Records shown
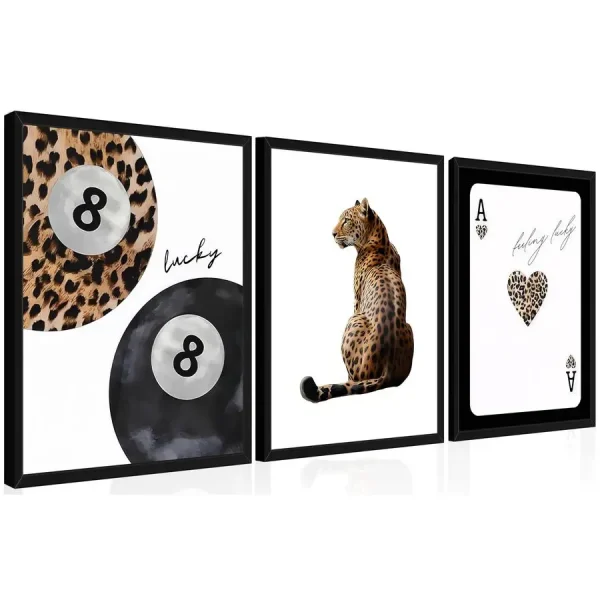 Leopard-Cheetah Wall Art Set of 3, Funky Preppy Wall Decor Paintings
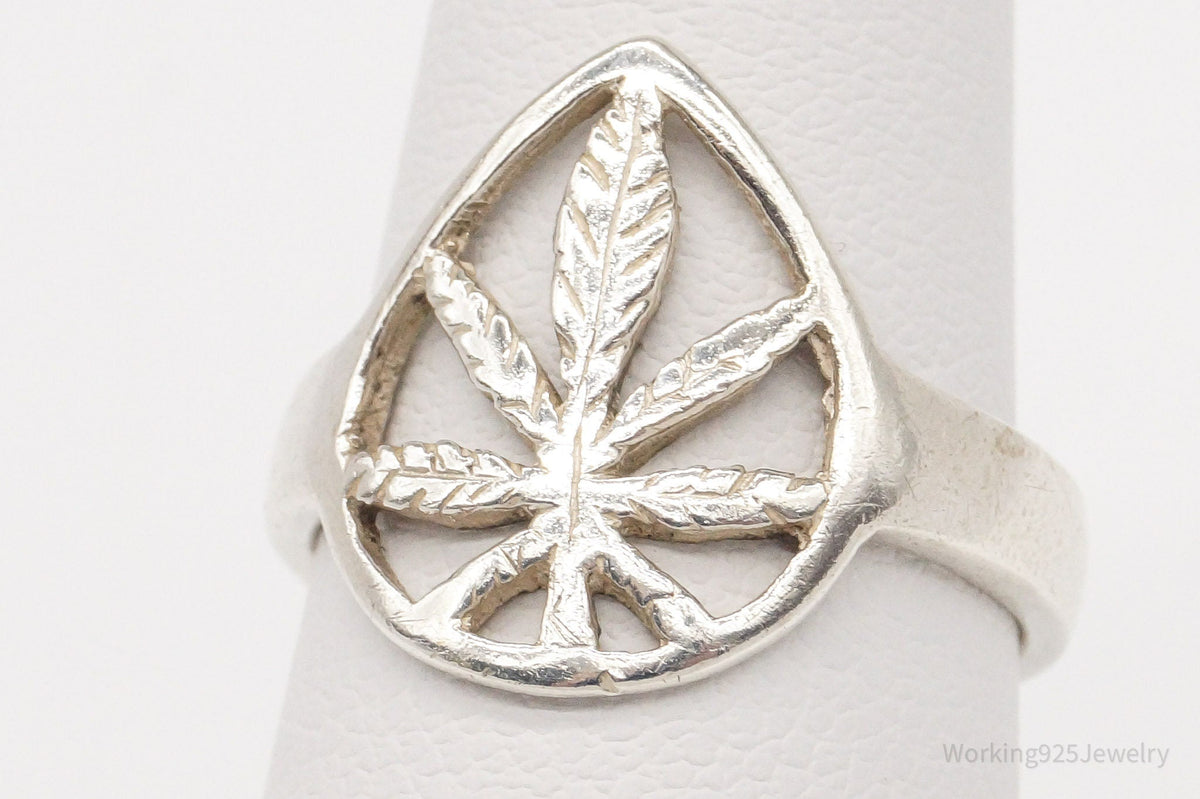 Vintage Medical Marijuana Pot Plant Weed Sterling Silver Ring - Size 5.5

---

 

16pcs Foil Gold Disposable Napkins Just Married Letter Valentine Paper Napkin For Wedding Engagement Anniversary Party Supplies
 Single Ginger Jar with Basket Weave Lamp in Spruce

...

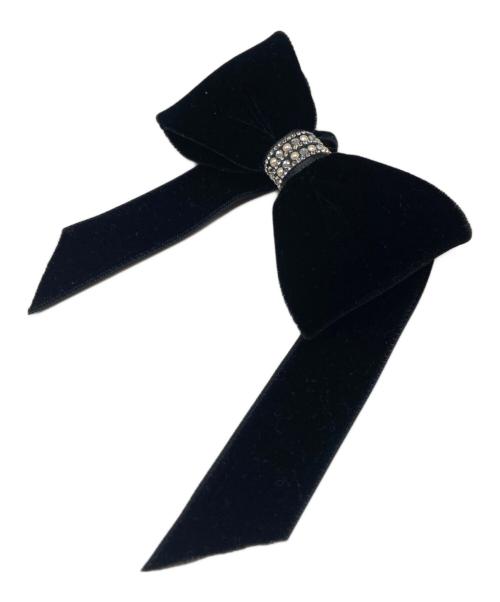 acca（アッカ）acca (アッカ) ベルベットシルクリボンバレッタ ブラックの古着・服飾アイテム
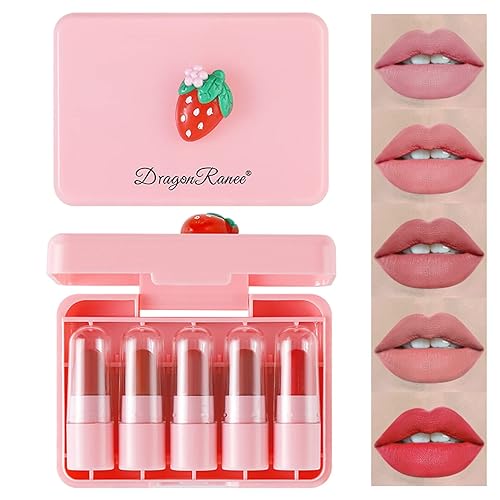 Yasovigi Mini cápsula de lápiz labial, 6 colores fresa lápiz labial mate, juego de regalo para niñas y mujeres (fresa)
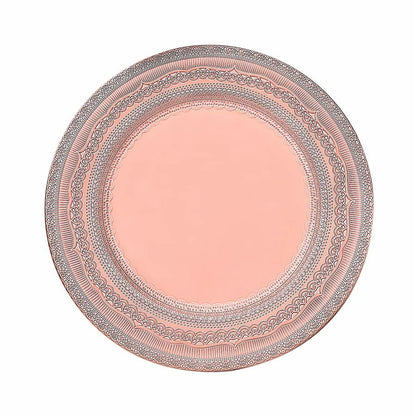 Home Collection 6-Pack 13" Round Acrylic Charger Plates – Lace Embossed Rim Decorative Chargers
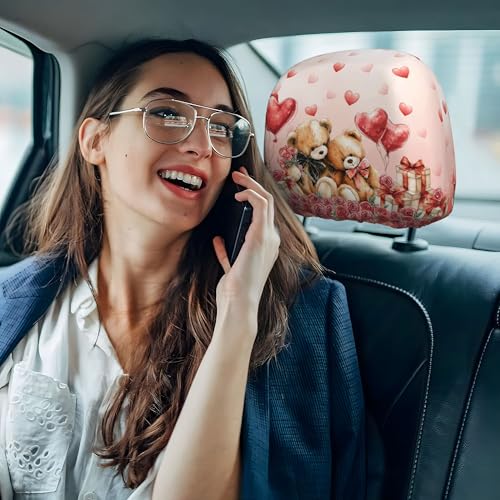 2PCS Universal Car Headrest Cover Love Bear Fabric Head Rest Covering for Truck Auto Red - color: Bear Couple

Requirement
Within the listing above, the stretch from the line with "Yasovigi Mini cápsula" down to the line with "2PCS Universal Car" is to be given again exactly, end lines included and pictures excluded.

Response to the task
 Yasovigi Mini cápsula de lápiz labial, 6 colores fresa lápiz labial mate, juego de regalo para niñas y mujeres (fresa)
 Home Collection 6-Pack 13" Round Acrylic Charger Plates – Lace Embossed Rim Decorative Chargers
 2PCS Universal Car Headrest Cover Love Bear Fabric Head Rest Covering for Truck Auto Red - color: Bear Couple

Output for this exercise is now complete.